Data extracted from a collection
== Segment start ==
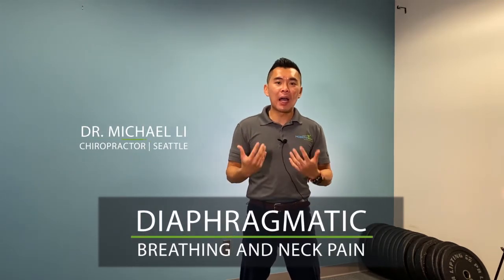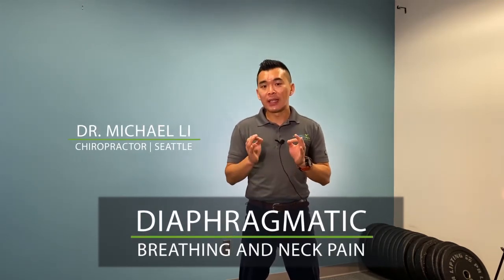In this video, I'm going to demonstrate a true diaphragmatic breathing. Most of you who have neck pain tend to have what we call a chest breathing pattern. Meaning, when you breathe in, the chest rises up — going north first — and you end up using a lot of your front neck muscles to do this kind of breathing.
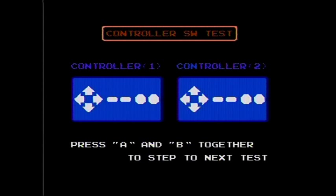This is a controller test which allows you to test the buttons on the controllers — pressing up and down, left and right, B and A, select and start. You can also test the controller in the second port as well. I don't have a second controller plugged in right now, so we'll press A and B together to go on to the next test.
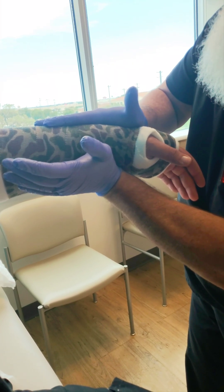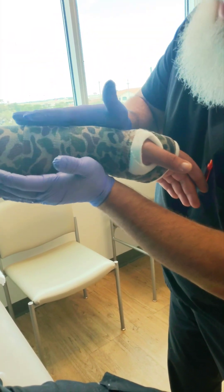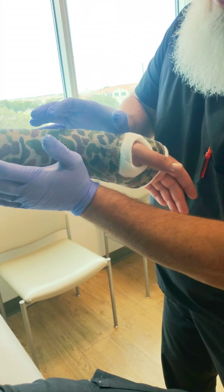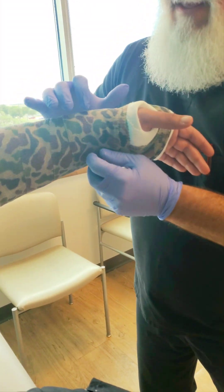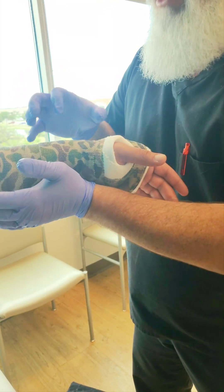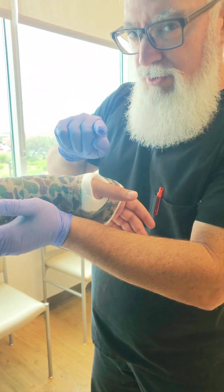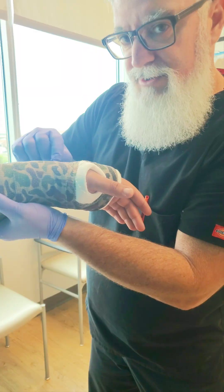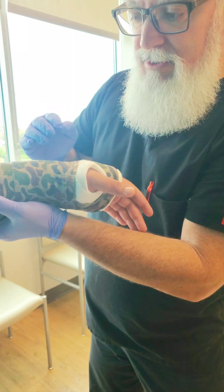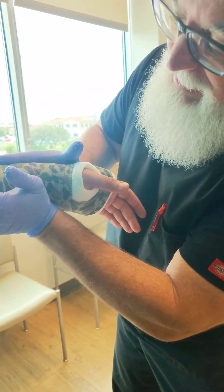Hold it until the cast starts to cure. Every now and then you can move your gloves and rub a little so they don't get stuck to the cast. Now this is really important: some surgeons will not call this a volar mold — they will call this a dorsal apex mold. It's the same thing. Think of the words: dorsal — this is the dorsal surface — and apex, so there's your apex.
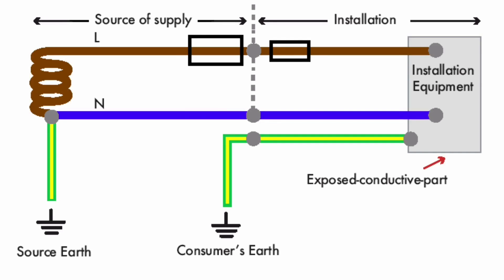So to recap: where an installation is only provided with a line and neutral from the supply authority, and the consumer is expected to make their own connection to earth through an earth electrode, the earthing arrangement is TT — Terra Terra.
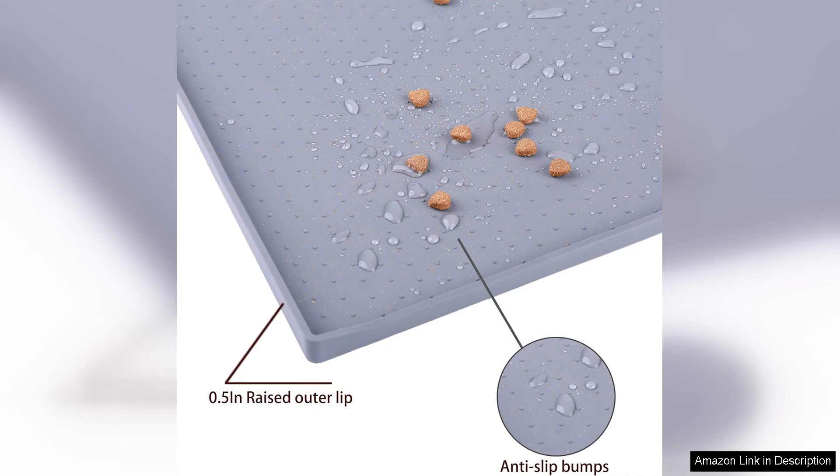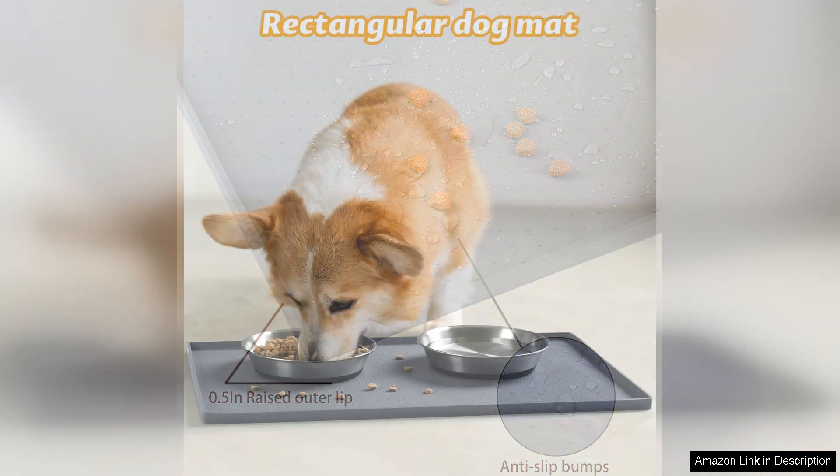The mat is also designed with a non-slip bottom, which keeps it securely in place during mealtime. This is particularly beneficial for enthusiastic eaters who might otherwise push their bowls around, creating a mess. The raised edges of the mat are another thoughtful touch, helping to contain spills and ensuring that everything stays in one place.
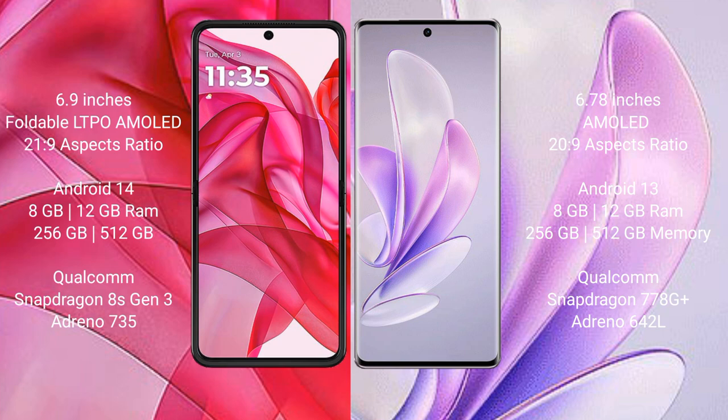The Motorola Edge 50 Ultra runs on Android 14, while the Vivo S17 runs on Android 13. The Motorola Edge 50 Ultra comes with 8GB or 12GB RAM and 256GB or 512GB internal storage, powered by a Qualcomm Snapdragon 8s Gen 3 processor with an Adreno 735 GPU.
== Segment end ==
__AIM OF THE EXERCISE__. What you return should be only the exact lines from the top of the entries through the line with "So to recap: where", minus the pictures.

__WRITTEN SOLUTION__.
In this video, I'm going to demonstrate a true diaphragmatic breathing. Most of you who have neck pain tend to have what we call a chest breathing pattern. Meaning, when you breathe in, the chest rises up — going north first — and you end up using a lot of your front neck muscles to do this kind of breathing.
This is a controller test which allows you to test the buttons on the controllers — pressing up and down, left and right, B and A, select and start. You can also test the controller in the second port as well. I don't have a second controller plugged in right now, so we'll press A and B together to go on to the next test.
Hold it until the cast starts to cure. Every now and then you can move your gloves and rub a little so they don't get stuck to the cast. Now this is really important: some surgeons will not call this a volar mold — they will call this a dorsal apex mold. It's the same thing. Think of the words: dorsal — this is the dorsal surface — and apex, so there's your apex.
So to recap: where an installation is only provided with a line and neutral from the supply authority, and the consumer is expected to make their own connection to earth through an earth electrode, the earthing arrangement is TT — Terra Terra.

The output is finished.